To educate users on such complex process, we start with the structure of a simple domain name: example.com

The example.com website’s domain name is made up of 2 parts: the name and the extension. The name is often chosen by the entity registering the domain name whereas the other part is picked from a list of available extensions. There are sets of extensions which entities can pick from, starting from top level domain extensions (known as TLD) like .com, .org, .net to second-level domain extensions such as .com.ng, .org.ng and .co.uk. The name and the extensions at different levels are linked by a dot.

In a domain name, the entity who owns the domain can create sub-domains, but the sub-domain names can only appear in front of the name, linked by dots. This means that in a name chosen by an entity, the sub-domains they create can appear in front of the name while the chosen extension can appear after the name. This means that a domain name can also have three parts, the owner-generated sub domain, the name, and the extension.

Example of a sub-domain is mobile.example.com

Mobile.com is the registered domain name, while the owner created mobile.example.com as a sub-domain because this owner is in charge of the domain name example.com.

The highest level of a domain name in its structure starts from right to left. So when you see a domain name, understand that the extension can be a top-level domain like .com or a second level domain like .com.ng or even a third level domain like .edu.bc.ca. Also understand that the owner of the domain name can create more levels thereby deepening the domain name, but owner-created levels (also known as sub-domain) will only appear at the right hand side of the domain name.

So let us register a domain name scam.com.ng

In our name, we decide to create a sub-domain promo.scam.com.ng

.ng is the first level domain, .com is the second level domain, .scam is the third level domain while the sub-domain promo is the fourth level domain.

As the owner of the domain, I could deepen this sub-domain further to create mtnonline.promo.scam.com.ng

The real website of MTN Nigeria is mtnonline.com

If I wish to create a sub-domain that looks similar to the MTN Nigeria website, all I need to do is to make the two levels on the right of my domain look similar to whichever website I wish to impersonate. I could create mtnonline.com.promo.scam.com.ng

Even some people who are knowledgeable about computers could look at a deceitful sub-domain and mistaken it for the genuine domain name of MTN Nigeria and assume any information on it to be authentic. To make it worse, some browsers will only show the first few parts of a web-address, making it difficult to see what is hidden beneath the first few visible parts of the names. In doing so, the mtnonline.com.promo.scam.com.ng part of the name becomes more visible and looks more genuine.

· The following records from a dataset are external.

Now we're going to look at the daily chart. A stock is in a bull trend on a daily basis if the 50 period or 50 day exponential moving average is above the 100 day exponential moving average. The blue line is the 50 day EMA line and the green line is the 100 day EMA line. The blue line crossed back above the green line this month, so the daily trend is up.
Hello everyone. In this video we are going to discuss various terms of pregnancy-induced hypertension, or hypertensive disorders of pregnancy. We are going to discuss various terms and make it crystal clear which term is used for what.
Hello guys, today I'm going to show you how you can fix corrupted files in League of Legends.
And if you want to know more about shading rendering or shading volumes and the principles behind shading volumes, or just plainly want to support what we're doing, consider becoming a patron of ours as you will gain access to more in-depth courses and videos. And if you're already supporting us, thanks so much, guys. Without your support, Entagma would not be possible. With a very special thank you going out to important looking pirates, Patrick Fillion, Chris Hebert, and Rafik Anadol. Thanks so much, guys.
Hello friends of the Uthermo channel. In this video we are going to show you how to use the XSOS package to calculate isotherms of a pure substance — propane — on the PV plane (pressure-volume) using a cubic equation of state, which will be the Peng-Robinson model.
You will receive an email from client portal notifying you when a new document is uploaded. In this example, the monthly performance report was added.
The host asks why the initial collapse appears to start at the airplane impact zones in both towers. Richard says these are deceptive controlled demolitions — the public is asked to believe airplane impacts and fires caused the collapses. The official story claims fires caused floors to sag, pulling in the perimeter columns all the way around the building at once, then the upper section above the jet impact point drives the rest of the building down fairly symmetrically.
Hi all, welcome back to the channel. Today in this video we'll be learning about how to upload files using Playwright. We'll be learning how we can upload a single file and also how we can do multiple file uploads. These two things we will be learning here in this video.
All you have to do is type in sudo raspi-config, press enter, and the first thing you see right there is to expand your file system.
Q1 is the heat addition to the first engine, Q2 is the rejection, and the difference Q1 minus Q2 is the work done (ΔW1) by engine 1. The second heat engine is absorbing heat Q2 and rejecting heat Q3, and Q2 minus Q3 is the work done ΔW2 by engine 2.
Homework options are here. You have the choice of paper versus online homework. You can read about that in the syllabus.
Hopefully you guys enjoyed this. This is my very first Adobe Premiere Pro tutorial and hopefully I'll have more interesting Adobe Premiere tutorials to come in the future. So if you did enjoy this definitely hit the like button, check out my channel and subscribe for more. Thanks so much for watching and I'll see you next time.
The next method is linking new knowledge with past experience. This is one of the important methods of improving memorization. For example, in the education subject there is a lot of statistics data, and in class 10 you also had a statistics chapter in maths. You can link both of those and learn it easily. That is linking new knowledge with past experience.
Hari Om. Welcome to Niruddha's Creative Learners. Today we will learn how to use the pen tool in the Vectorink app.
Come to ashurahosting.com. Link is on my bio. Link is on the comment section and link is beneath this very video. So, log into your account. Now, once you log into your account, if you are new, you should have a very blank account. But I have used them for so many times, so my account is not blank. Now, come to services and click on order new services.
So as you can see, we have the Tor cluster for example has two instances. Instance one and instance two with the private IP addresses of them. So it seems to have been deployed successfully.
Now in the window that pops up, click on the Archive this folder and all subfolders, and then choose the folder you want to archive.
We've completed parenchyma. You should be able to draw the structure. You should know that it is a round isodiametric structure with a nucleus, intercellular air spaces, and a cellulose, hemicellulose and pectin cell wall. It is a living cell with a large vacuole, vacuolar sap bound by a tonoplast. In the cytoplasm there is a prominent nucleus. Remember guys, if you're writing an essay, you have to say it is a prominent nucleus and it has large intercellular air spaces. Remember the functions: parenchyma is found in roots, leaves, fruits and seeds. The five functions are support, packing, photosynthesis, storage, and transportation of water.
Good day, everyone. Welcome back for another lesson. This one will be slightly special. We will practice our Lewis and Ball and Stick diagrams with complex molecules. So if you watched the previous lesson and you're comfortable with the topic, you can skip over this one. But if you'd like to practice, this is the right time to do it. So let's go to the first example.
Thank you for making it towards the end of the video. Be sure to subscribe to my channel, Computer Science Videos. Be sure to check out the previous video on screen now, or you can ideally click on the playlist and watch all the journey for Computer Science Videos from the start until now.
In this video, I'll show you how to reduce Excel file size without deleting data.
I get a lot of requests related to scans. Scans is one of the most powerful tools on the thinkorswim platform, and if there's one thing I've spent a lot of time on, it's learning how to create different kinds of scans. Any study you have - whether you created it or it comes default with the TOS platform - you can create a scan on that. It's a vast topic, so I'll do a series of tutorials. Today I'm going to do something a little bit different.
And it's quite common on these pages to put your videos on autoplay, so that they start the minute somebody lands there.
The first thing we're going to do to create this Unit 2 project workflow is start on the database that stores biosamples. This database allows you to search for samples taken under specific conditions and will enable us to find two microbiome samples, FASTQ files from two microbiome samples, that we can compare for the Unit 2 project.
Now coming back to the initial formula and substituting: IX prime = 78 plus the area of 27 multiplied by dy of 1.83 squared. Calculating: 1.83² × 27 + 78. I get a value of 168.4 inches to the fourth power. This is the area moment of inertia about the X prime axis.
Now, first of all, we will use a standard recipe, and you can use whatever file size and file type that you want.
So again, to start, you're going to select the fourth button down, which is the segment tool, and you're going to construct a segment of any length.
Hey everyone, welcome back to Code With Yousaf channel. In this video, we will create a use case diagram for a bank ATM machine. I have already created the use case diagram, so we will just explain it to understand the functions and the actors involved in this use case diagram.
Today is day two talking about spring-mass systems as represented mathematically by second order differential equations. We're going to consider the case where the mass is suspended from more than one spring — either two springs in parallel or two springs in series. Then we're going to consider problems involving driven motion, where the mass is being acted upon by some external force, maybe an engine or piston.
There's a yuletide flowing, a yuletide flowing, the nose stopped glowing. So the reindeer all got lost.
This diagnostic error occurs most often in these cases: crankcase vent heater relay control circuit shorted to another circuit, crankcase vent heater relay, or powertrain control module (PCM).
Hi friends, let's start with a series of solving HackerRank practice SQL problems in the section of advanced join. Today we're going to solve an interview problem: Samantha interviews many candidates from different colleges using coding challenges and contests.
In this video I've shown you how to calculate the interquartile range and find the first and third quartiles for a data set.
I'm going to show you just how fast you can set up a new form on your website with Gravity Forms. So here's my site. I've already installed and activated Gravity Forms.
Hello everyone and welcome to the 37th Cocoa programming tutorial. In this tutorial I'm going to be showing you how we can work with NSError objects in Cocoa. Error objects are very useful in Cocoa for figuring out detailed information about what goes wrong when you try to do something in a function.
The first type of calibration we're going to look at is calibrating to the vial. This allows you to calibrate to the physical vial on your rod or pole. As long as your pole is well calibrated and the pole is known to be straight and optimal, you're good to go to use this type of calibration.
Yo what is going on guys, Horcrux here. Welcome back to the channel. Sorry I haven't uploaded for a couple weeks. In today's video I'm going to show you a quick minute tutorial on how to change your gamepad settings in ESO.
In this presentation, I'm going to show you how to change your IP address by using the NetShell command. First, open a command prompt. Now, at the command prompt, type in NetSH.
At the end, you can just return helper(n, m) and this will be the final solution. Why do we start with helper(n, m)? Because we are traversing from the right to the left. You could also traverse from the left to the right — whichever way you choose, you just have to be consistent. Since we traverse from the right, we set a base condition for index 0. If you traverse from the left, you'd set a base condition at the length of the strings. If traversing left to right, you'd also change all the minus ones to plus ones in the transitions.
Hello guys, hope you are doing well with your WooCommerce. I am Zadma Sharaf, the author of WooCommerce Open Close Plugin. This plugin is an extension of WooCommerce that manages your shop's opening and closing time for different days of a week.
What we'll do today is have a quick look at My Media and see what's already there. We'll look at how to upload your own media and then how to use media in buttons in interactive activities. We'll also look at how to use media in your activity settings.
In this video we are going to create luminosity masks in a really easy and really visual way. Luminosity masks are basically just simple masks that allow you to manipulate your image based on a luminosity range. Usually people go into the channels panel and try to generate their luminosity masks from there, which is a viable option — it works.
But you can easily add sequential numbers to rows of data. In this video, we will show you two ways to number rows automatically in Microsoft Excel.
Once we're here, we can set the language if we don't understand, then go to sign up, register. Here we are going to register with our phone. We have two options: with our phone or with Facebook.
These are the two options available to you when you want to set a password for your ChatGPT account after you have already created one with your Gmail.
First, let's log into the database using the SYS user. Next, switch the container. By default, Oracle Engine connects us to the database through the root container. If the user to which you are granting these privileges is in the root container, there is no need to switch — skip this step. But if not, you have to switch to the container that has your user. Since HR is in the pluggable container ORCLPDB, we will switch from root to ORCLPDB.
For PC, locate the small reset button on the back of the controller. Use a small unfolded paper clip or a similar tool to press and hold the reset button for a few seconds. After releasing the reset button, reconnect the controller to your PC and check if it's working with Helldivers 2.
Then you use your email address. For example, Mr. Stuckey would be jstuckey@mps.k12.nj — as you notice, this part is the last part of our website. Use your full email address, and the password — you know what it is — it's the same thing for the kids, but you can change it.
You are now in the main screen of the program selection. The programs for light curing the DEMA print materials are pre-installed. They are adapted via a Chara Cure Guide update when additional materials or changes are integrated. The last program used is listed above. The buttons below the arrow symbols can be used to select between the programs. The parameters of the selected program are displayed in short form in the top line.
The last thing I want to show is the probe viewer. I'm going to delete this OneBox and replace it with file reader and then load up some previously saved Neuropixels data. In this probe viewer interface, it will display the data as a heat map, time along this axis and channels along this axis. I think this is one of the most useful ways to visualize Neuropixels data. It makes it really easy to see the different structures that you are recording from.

But once computer users are educated and made to understand the structure of domain names, the probability of successfully using deceitful domain names to launch a phishing attack would reduce.

Additionally, since most phishing attacks would take place on web browsers, it is important that browser vendors create a default safe-mode where only a domain name would be visible to the user rather than every detail of the web address starting from http:// to the sub-domain, linked folders and .html files. Advanced users can decide to disable this safe-mode feature. If such feature is built, anyone who clicks on a link mtnonline.com.promo.scam.com.ng would be seeing scam.com.ng on the web browser and this would make it easier for some users to identify that the domain is not the authentic website.